AT1 receptor blockers prevent ventricular dilation, dysfunction, and cardiac hypertrophy in non-infarcted myocardial tissue following MI. Some of the effects observed in patients in the setting of baseline use of RAAS inhibition are related to decreased electrical irritability, which is due primarily to the well-established effects exerted by ARBs on remodeling and the preservation of LV systolic function [34, 35]. Our study showed that valsartan ameliorates KCNJ2/Kir2.1 remodeling during the healing phase after MI when significant structural remodeling also accurs.

CK2 (formerly casein kinase II or CKII) is a ubiquitous protein Ser/Thr kinase with a heterotetrameric structure consisting of two catalytic subunits (42 kDa α and 38 kDa α′) and two regulatory subunits (28 kDa β). CK2 phosphorylates a large number of substrates with various functions related to cell growth and proliferation. However, its electrophysiological effects have seldom been explored. In this study, we firstly investigated CK2 and Kir2.1 mRNA and protein levels in infarcted border and noninfarcted LVFW (left ventricular free wall) seperately to eliminate the different effects of cell necrosis and myocardial remodeling degrees on the levels of mRNA and protein expression. We found that CK2 was activated in vivo following MI and in vitro after the cells were induced to be hypoxia, which resulted in decreased Sp1 DNA binding activity. As a result, the expression of KCNJ2, the flow gene of SP1, was downregulated, as was the expression of Kir2.1 and IK1 current. This effect was repressed by the highly selective cell permeable CK2 inhibitor, TBB, and valsartan. TBB blocks in vitro CK2 activation under hypoxia condition. But as shown in Fig. 5, TBB has little effect on endogenous CK2 in non-hypoxia cells. Valsartan presents a similar effect on CK2 regulation. Without active CK2, both TBB and valsartan have a weak effect on Kir2.1 protein expression. This indicates that CK2 is the main factor mediating the regulation of valsartan on Kir2.1 during the healing phase after AMI.

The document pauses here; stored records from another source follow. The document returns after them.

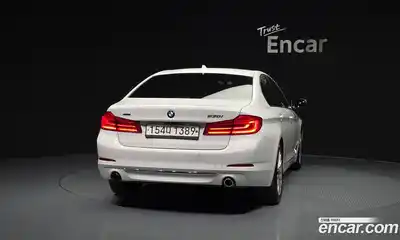 BMW 5-Series 2019 2.0 гидро в Москве № 1541483, миниатюра 4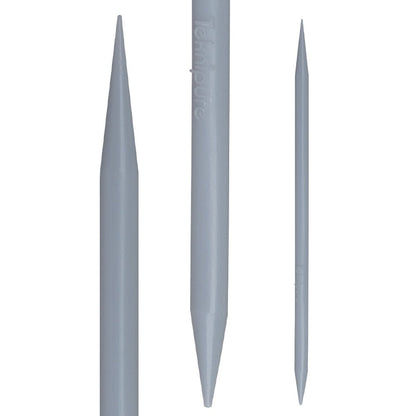 Teknipure TKS502E, TekniSwab Micro Tip Pick Dual End ESD Swab, 2.587 in, 2500 per case - KEM - TRON INC.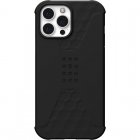 UAG Funda Standard Issue Negra para iPhone 13 Pro Max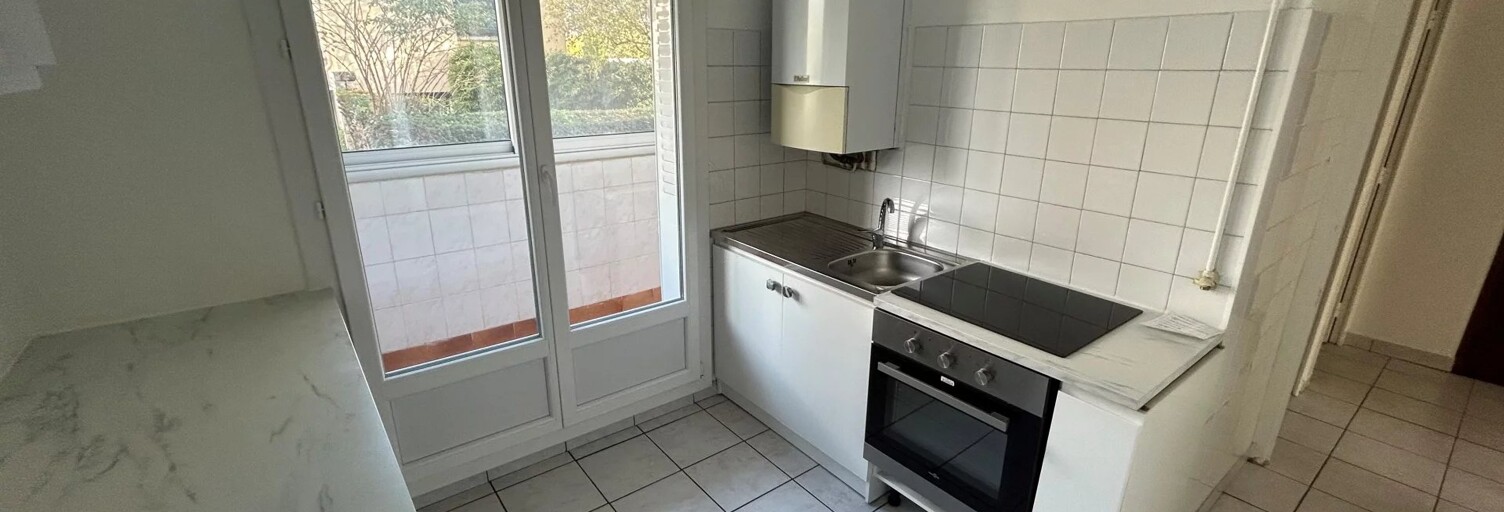Appartement 3 Pièces 51 m² à louer à Saint-Martin-d'Hères (38400)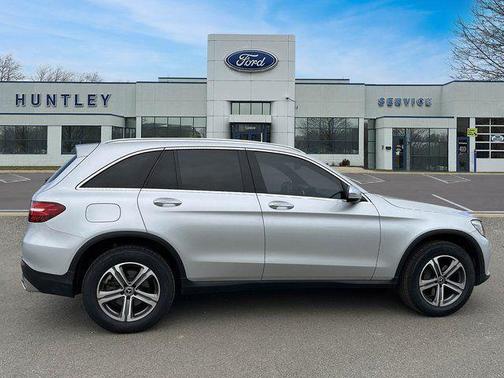2019 Mercedes-Benz GLC 300 4MATIC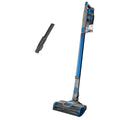 Shark Pet Cordless Stick Vacuum, Carpet and Hardfloors, Bristle Brushroll, HEPA Filtration, Detachable Handvac, 40-Min Run Time, IX140H Blue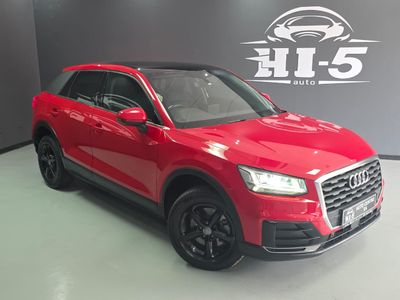 2018 Audi Q2 1.0 TFSI Auto | 30 TFSI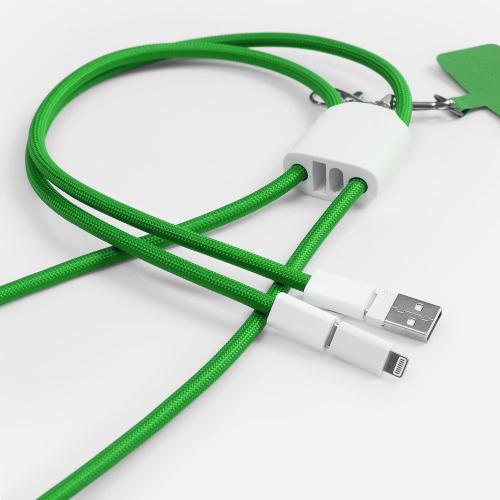 Кабель-ланьярд energyFlex Pro; - купить бизнесс-сувениры в Воронеже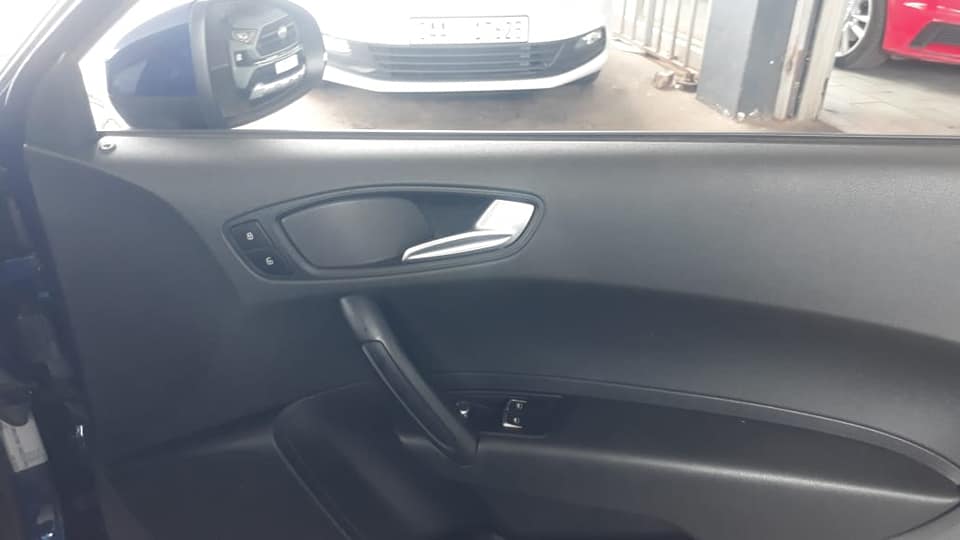 AUDI A1 TFSI 2018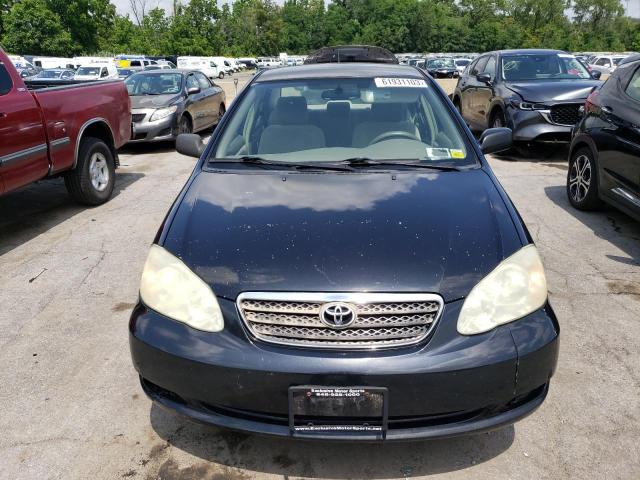 Photo 5 from auction – 2005 TOYOTA COROLLA CE with VIN 2T1BR32E85C477345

The mechanism of valsartan inhibiting the actions of CK2 might have two explanations. On the one hand, CK2 might be one downstream protein of AT1 receptor. On the other hand, valsartan has off target effects. Interestingly, CK2 may be activated by AT1 and AT2-activated SHP-1 inactivates CK2 [36]. Indeed, cytoplasmic CK2-alpha’-dependent kinase activity is induced by angiotensin II [37]. Therefore, CK2 seems to be activated by AT1 and inactivated by AT2. After MI, both AT1 and AT2 receptor levels increase. But the degree of upregulated AT1 is higher [38]. Besides, angiotensin II has higher affinity to AT1 than to AT2 [39]. This may explain why CK2 increased after MI in our study and valsartan is efficient in reducing its level.

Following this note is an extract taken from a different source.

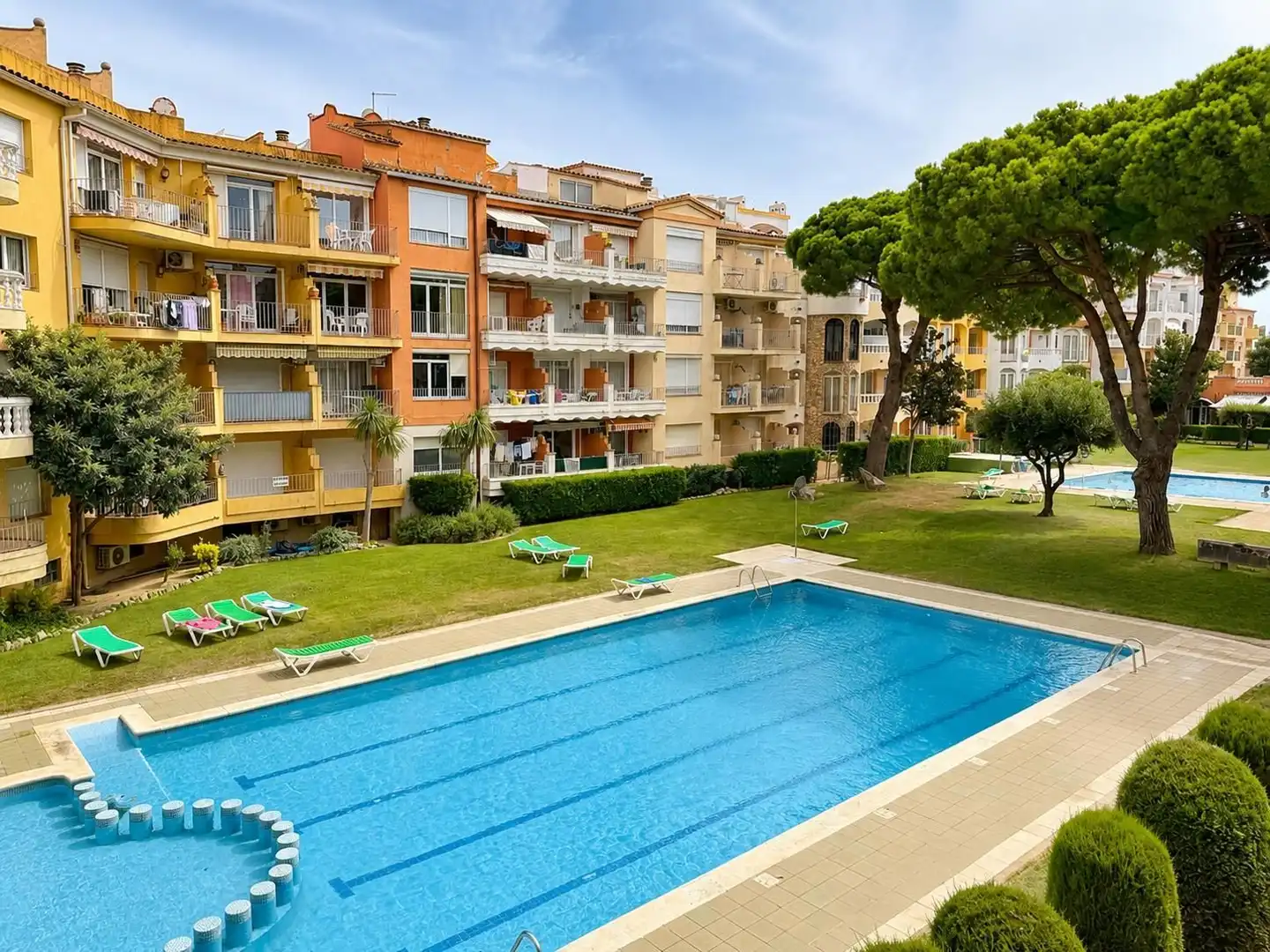 Apartament amb piscina en venda a Gran Reserva, imagen 12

In conclusion, we have discovered that CK2 regulates the KCNJ2 gene and its encoded channel, IK1. Moreover, valsartan regulates CK2 to improve cardiac ion channel remodeling following MI. But this regulation path still remains to be shown using genetic models. Besides, the improvement of valsartan to IK1 remodeling may contribute to reduced susceptibility to ventricular arrhythmias during the healing phase of MI and this hypothesis needs to be further demonstrated in vivo. These are two major limitations of our experiment. These findings have provided us with new insights into the molecular mechanisms underlying the cardiac electrical instability that occurs following MI and may represent a treatment strategy for other conditions in which IK1 is dysregulated.